Ucciso con 57 coltellate da moglie e figli: "La pena va più che dimezzata"

Ucciso con 57 coltellate da moglie e figli: “La pena va più che dimezzata”

L'accusa chiede di riconoscere come prevalenti le attenuanti generiche e la diminuente dello stato d'ira

PALERMO – Potrebbero ottenere un forte sconto di pena e Salvatrice Spataro e i figli Mario e Vittorio Ferrera, imputati per l’omicidio di Pietro Ferrera, 49 anni, ucciso nel 2018 in un appartamento di via Falsomiele, a Palermo.

Il sostituto procuratore generale Giuseppe Fici ha chiesto una condanna a 6 anni, 2 mesi e 20 giorni ciascuno. In primo grado la condanna era stata di 14 anni per tutti.

Secondo il giudice per l’udienza preliminare, i tre imputati sferrarono 57 coltellate per uccidere il marito e padre, ma non ci fu crudeltà.

Ora il sostituto procuratore generale ha chiesto alla Corte d’Assise d’Appello presieduta da Angelo Pellino di riconoscere come prevalenti le attenuanti generiche sulle aggravanti e anche l’applicazione della diminuente per avere agito in stato d’ira.

I legali della difesa, gli avvocati Giovanni Castronovo e Simona La Verde, hanno sempre sostenuto che i figli hanno agito per legittima difesa. Quando entrarono in camera da letto videro la madre, dalla quale il marito pretendeva un rapporto sessuale, con le spalle al muro e insanguinata.

Per la madre la difesa ritiene che si sia trattato di omicidio preterintenzionale e non volontario. La donna avrebbe voluto ferire e non uccidere il marito. La sentenza è prevista a giugno.

I figli sentirono le urla e si precipitarono nella stanza. Dissero che il padre nel frattempo aveva strappato il coltello alla madre. Pietro Ferrera tentò una reazione, aveva ferite alle braccia e alle mani, oltre a quelle nel collo e al torace. Fu raggiunto da colpi “micidiali”, alcuni inferti quando era già per terra e privo di sensi.
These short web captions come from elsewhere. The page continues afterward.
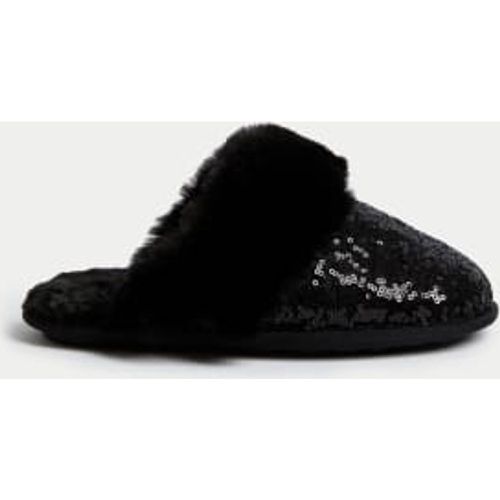 Womens Sequin Faux Fur Cuff Mule Slippers - - M&S Collection - Modalova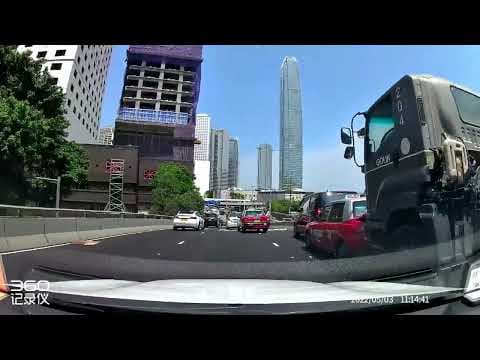 車CAM直擊 - 夏慤道天橋三車串燒意外經過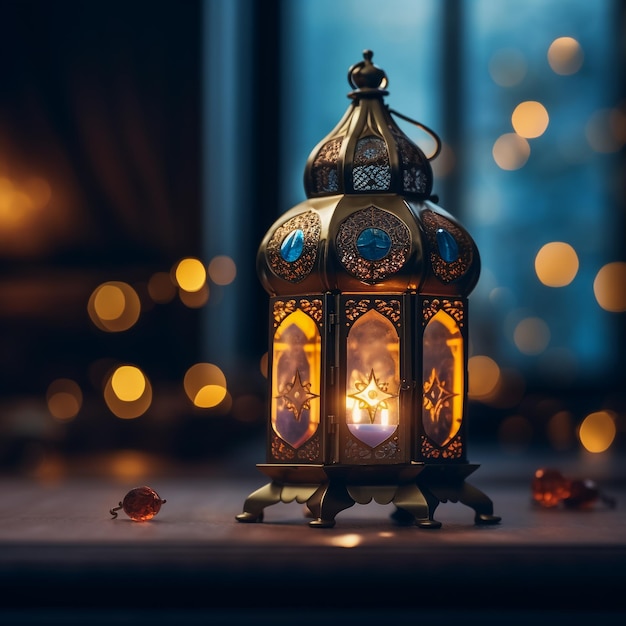 Magnífica iluminación de una linterna brillante en un telón de fondo de mesa de madera islámica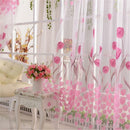 200x250cm Pink Tulip Print Window Halfshading Curtain Sheer Partition Screen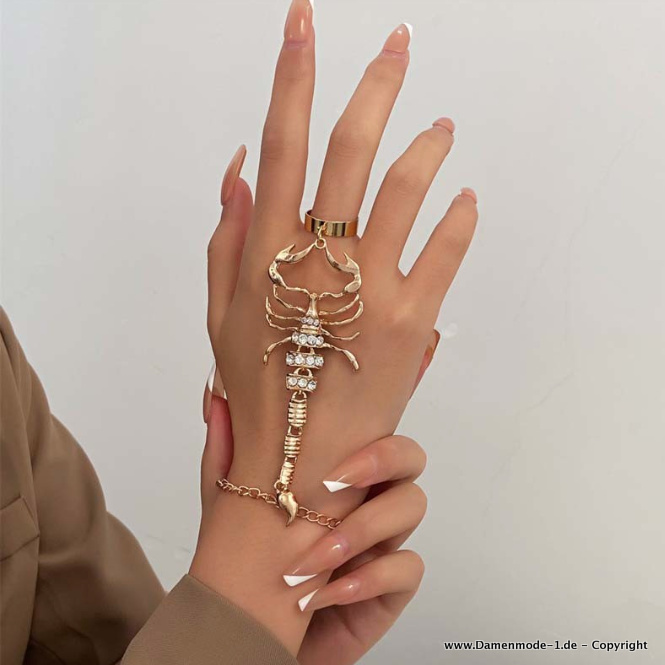 Vintage Punk Scorpion Armand Kette mit Ring in Gold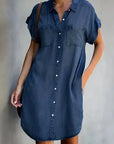 Polly | Lightweight Denim Style Dress with Belly Coverage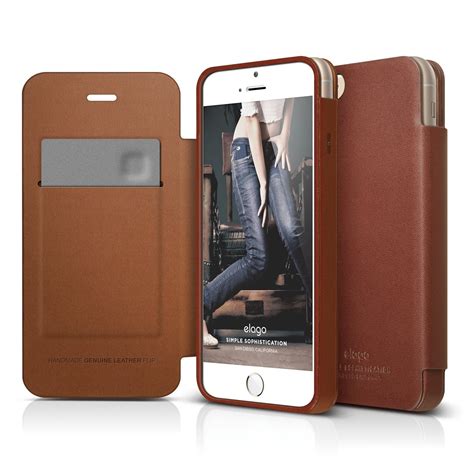 genuine leather flip case  iphone  elago slg design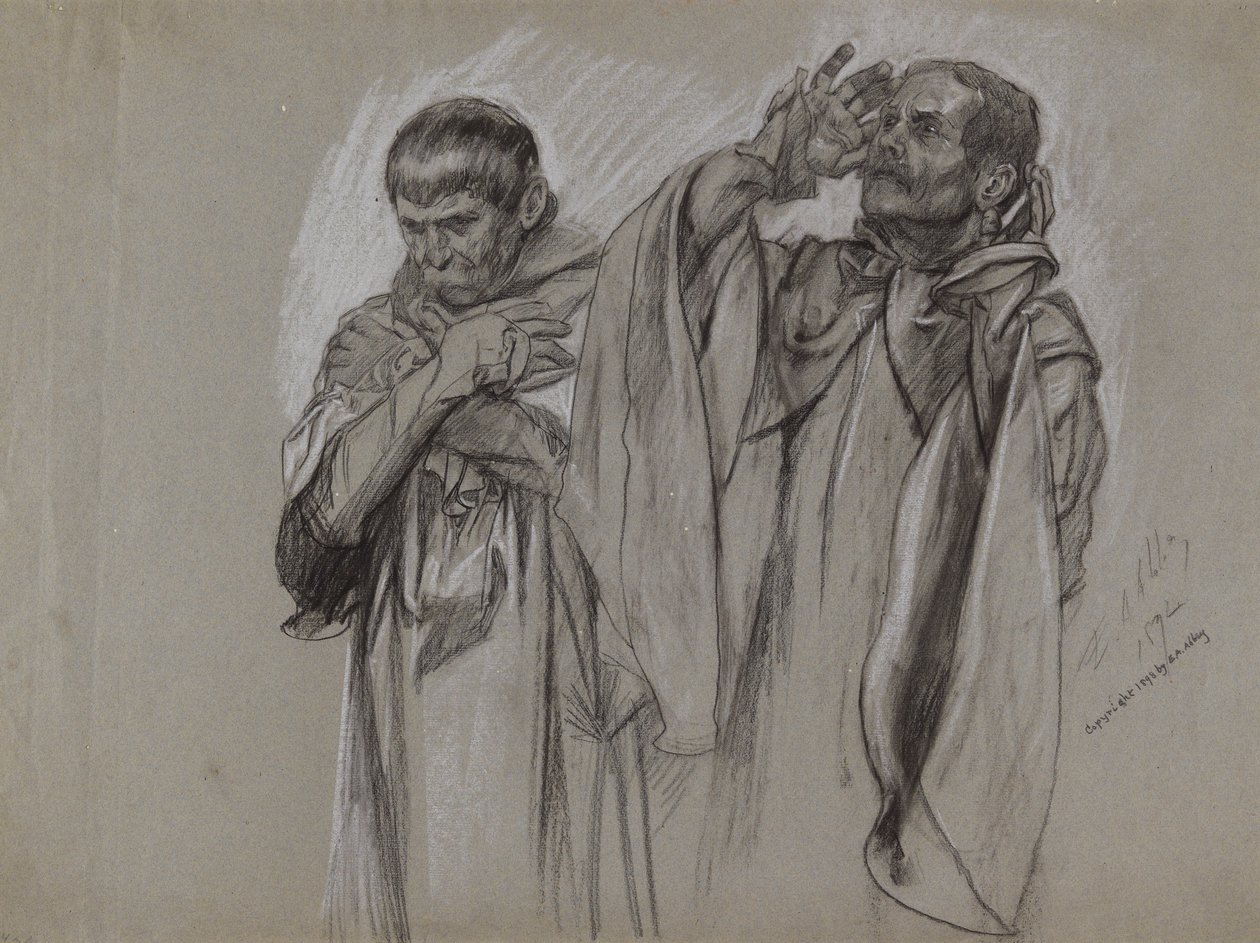 ábra tanulmány a alkotó: Edwin Austin Abbey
Spataro, 46 anni, Mario e Vittorio Ferrera di 21 e 21, lavoratori diligenti e rispettabili, tutti incensurati, uccisero Ferrera per via di “un crescente stato di angoscia” che ha alimentato “rabbia, odio ed esasperazione”. A tutto ciò si aggiunse la paura che scaturiva dal fatto che all’indomani del delitto la moglie avrebbe dovuto formalizzare la denuncia contro il marito.

La madre scrisse una lettera al giudice. “Non è semplice raccontare cosa è stata la mia vita in ventitré anni di matrimonio…”, era l’incipit della memoria difensiva in cui ha ripercorso anni di soprusi, minacce, violenze e umiliazioni.

Nel processo è anche entrato il video degli investigatori all’interno della casa, in cui si vede una grossa macchia di sangue sul letto che, assieme alla ferita riportata da Vittorio alla mano, confermerebbe l’ipotesi della colluttazione e dunque della legittima difesa. Di contro c’è il numero di coltellate, 57, che darebbe forza all’ipotesi della sequenza micidiale e rabbiosa di colpi.